An object is at rest at (2 ,9 ,8 ) and constantly accelerates at a rate of 1/5 m/s as it moves to point B. If point B is at (6 ,2 ,7 ), how long will it take for the object to reach point B? Assume that all coordinates are in meters.

1 Answer
Euan S.
Jul 4, 2016

t = (66)^(1/4)sqrt(10) s

Explanation:

I'm assuming the object travels in a straight line. Distance between the two points given by:

Deltar = sqrt((Deltax)^2+(Deltay)^2+(Deltaz)^2)

= sqrt((6-2)^2+(2-9)^2+(7-8)^2) = sqrt(4^2+7^2+1^2) = sqrt(66)

The object is travelling with constant acceleration along this path, there are no external forces acting on it so equation of motion is:

(d^2r)/(dt^2) = 1/5

Integrating gives

(dr)/(dt) = 1/5t + C_1

This may be reminiscent of v = u + at because, well, it's the same thing. C_1 denotes initial speed here.

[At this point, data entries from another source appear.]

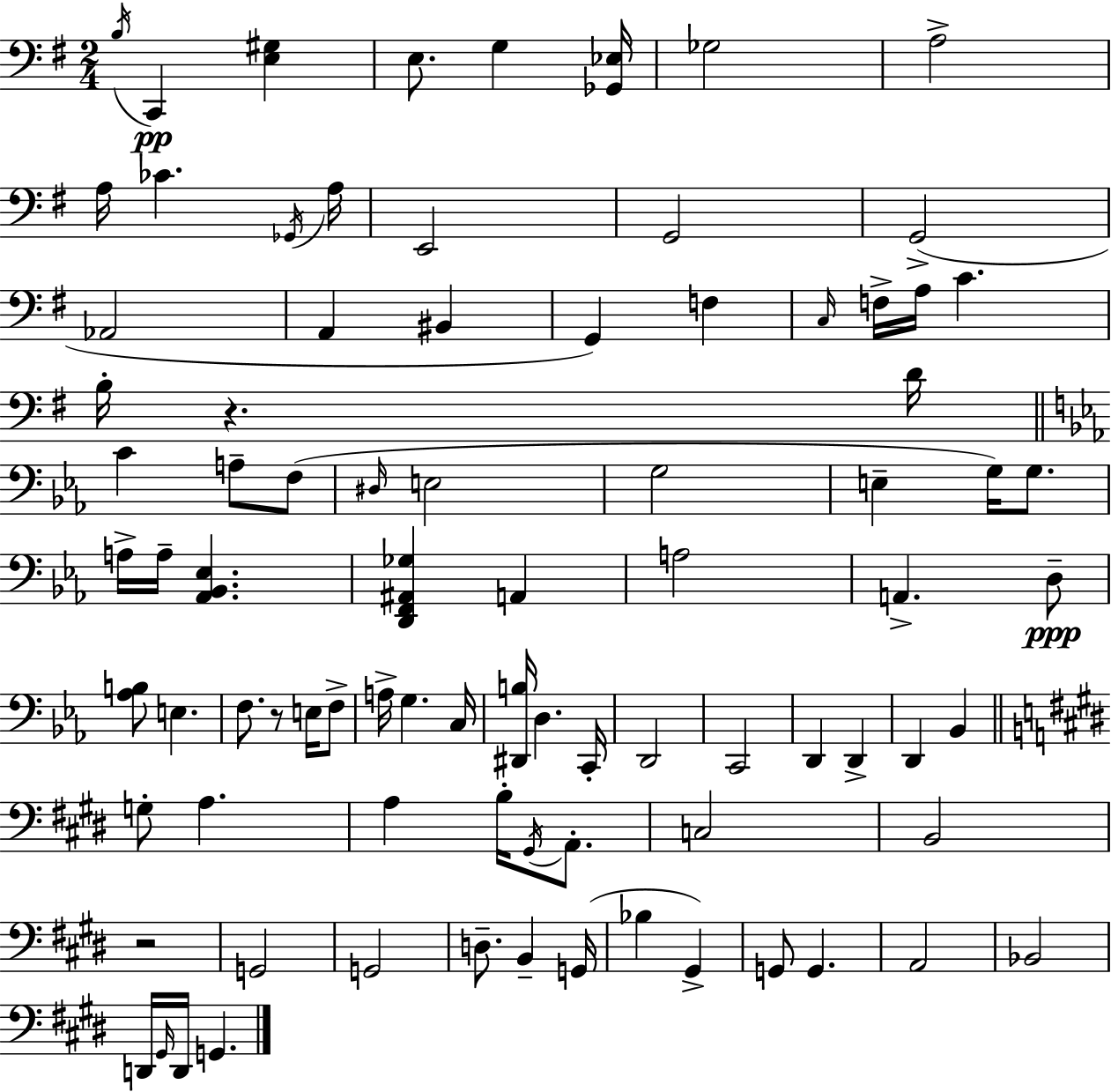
{
  \clef bass
  \numericTimeSignature
  \time 2/4
  \key g \major
  \acciaccatura { b16 }\pp c,4 <e gis>4 | e8. g4 | <ges, ees>16 ges2 | a2-> | \break a16 ces'4. | \acciaccatura { ges,16 } a16 e,2 | g,2 | g,2->( | \break aes,2 | a,4 bis,4 | g,4) f4 | \grace { c16 } f16-> a16 c'4. | \break b16-. r4. | d'16 \bar "||" \break \key c \minor c'4 a8-- f8( | \grace { dis16 } e2 | g2 | e4-- g16) g8. | \break a16-> a16-- <aes, bes, ees>4. | <d, f, ais, ges>4 a,4 | a2 | a,4.-> d8--\ppp | \break <aes b>8 e4. | f8. r8 e16 f8-> | a16-> g4. | c16 <dis, b>16 d4. | \break c,16-. d,2 | c,2 | d,4 d,4-> | d,4 bes,4 | \break \bar "||" \break \key e \major g8-. a4. | a4 b16-. \acciaccatura { gis,16 } a,8.-. | c2 | b,2 | \break r2 | g,2 | g,2 | d8.-- b,4-- | \break g,16( bes4 gis,4->) | g,8 g,4. | a,2 | bes,2 | \break d,16 \grace { gis,16 } d,16 g,4. | \bar "|."
}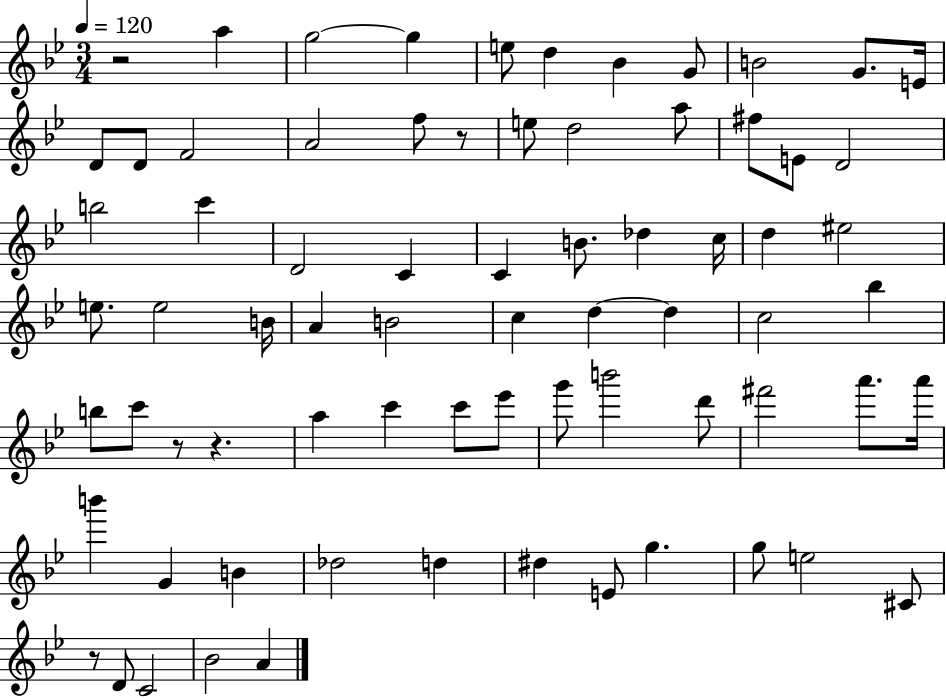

As we start from rest, in this case it is equal to zero.

Integrating again gives

r(t) = 1/10t^2 + C_2

We know that r(0) = 0 so implies C_2 = 0

therefore r(t) = 1/10t^2

The time at which r = sqrt(66) is then found by:

sqrt(66) = 1/10t^2 implies t^2 = 10*sqrt(66)

Hence t = (66)^(1/4)sqrt(10) s

(we discard the negative solution as we are working with times).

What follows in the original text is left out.